SUPPLIED RECORDS:
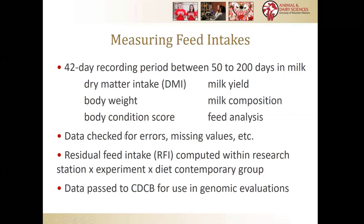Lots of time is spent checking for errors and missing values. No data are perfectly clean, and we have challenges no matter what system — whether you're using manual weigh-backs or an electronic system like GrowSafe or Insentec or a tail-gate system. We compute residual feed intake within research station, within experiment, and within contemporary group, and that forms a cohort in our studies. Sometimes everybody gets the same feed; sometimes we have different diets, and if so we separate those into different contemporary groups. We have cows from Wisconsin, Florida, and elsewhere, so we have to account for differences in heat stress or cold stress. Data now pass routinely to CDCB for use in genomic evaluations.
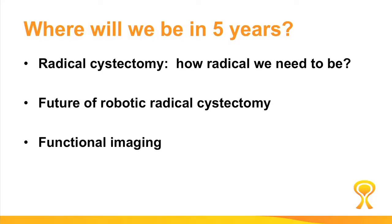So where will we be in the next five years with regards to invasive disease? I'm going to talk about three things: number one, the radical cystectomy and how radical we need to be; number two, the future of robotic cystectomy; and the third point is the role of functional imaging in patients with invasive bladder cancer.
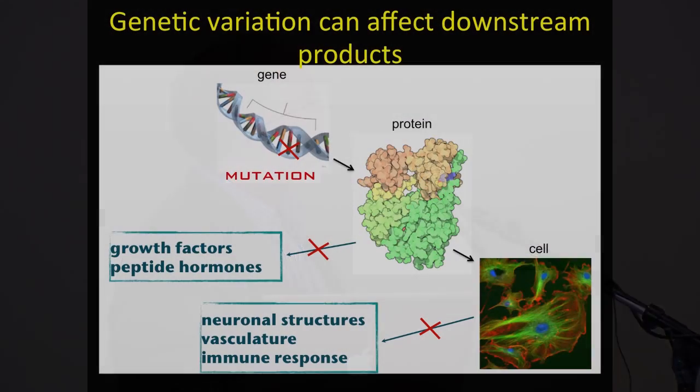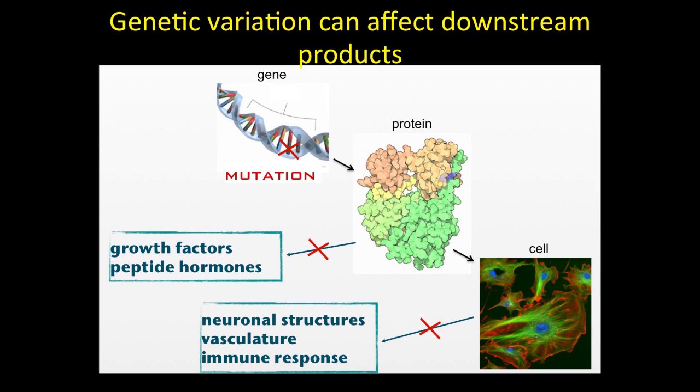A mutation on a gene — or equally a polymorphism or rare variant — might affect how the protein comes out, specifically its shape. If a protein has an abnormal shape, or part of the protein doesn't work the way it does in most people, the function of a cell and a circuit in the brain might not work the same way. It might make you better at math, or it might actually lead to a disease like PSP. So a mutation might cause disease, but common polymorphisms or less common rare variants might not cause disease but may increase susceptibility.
--
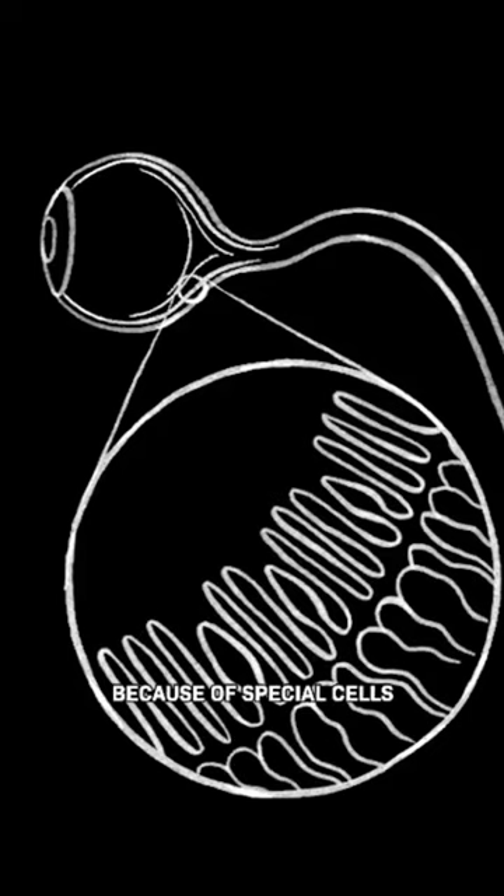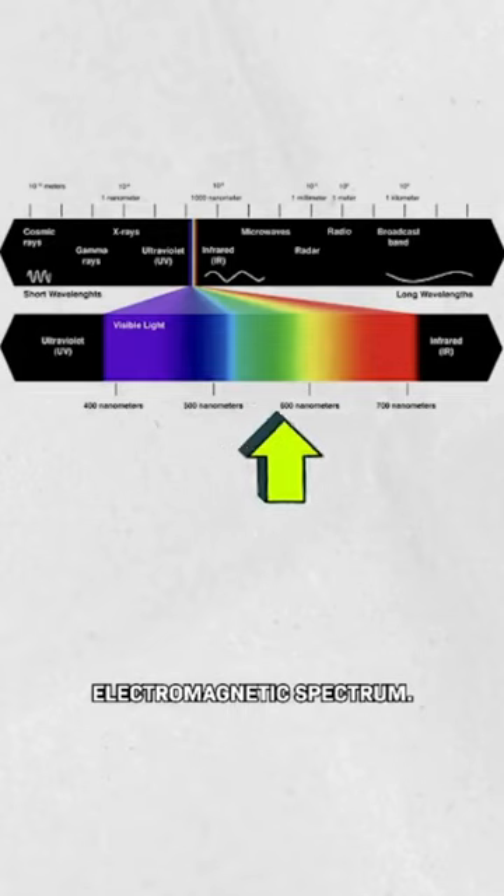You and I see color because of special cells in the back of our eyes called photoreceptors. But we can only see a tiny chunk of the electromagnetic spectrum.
--
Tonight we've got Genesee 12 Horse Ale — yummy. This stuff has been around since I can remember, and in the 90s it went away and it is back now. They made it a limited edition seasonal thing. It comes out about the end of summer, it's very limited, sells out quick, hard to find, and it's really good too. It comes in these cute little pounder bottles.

THE PROBLEM: Print exactly, with no pictures, the lines above from the one that holds "So where will" through the one that holds "A mutation on", both of them included.

RESPONSE TO THE EXERCISE:
So where will we be in the next five years with regards to invasive disease? I'm going to talk about three things: number one, the radical cystectomy and how radical we need to be; number two, the future of robotic cystectomy; and the third point is the role of functional imaging in patients with invasive bladder cancer.
A mutation on a gene — or equally a polymorphism or rare variant — might affect how the protein comes out, specifically its shape. If a protein has an abnormal shape, or part of the protein doesn't work the way it does in most people, the function of a cell and a circuit in the brain might not work the same way. It might make you better at math, or it might actually lead to a disease like PSP. So a mutation might cause disease, but common polymorphisms or less common rare variants might not cause disease but may increase susceptibility.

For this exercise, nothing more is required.